India's key equity indices -- Sensex and Nifty50 -- closed sharply lower on Friday as reports of a new variant of Covid-19 emerged in South Africa, though overall negative sentiment dragged the markets.
The barometer 30-scrip Sensex closed at 57,107 points, down by 1,687 points or 2.87 per cent. Similarly, the broader 50-scrip Nifty closed the day at 17,026 points, down by 509 points or 2.91 per cent.
Shares of JSW Steel, Tata Motors, Hindalco, Adani Ports, Indusind Bank were the top losers during the session, NSE data showed. As per the information available on the NSE website, stocks of these companies closed 7.48 per cent, 6.77 per cent, 6.57 per cent, 6.22 per cent and 6.19 per cent lower, respectively.
Notably, the Central government on Thursday told all the states and Union Territories to be cautious about international passengers travelling from or through Botswana, South Africa and Hong Kong in view of a new Covid variant detected in South Africa.
Many other countries too have raised concerns about the potential spread of this new variant and are closely monitoring the matter.
On the other hand, despite weak broader market sentiment , pharma stocks such as Alkem Laboratories, Cadila Healthcare, Dr.

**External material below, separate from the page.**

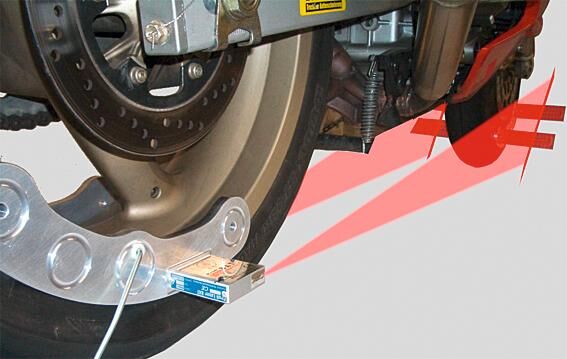 _Fahrwerksvermessungssystem Fahrwerksprüftechnik,Vermessungslaser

Reddy's, Divi's Laboratories, Cipla among others rose considerably during the session, possibly due to the emerging of the new variant which may boost demand for pharma sector, analysts said.
Paytm shares partly recover after disappointing debut
After an initial disappointing performance post listing, the shares of One97 Communications-owned Paytm have pared some of its losses.
The payment service provider company's shares were listed on the exchanges on November 18, 2021. On the listing day, the company's shares closed 27 per cent lower at Rs 1,564. The company had an offer price of Rs 2,150.
However, by the week's end, it made a partial recovery. On Friday, the company's shares closed 1.8 per cent lower from the previous close at Rs 1,765.
"After the listing at discount and steep fall in Paytm's share for two consecutive days, we have seen value buying in the stock which has pushed it higher," said Gaurav Garg, Head of Research at CapitalVia Global Research.
In the short-to-medium term, Garg expects the stock to stabilise at around Rs 1,650-1,750 levels. "For the next leg of the rally, it is to be seen how the company performs," Garg added.
According to Sachin Gupta, AVP, Research, at Choice Broking: "Technically, the stock is in recovery mode with rising volume activities... (So) we are expecting a bullish move in the stock.
"On the upside, the stock may find the resistance at around Rs 1,950/2,100 levels, while the support comes around 1,500/1,350 levels."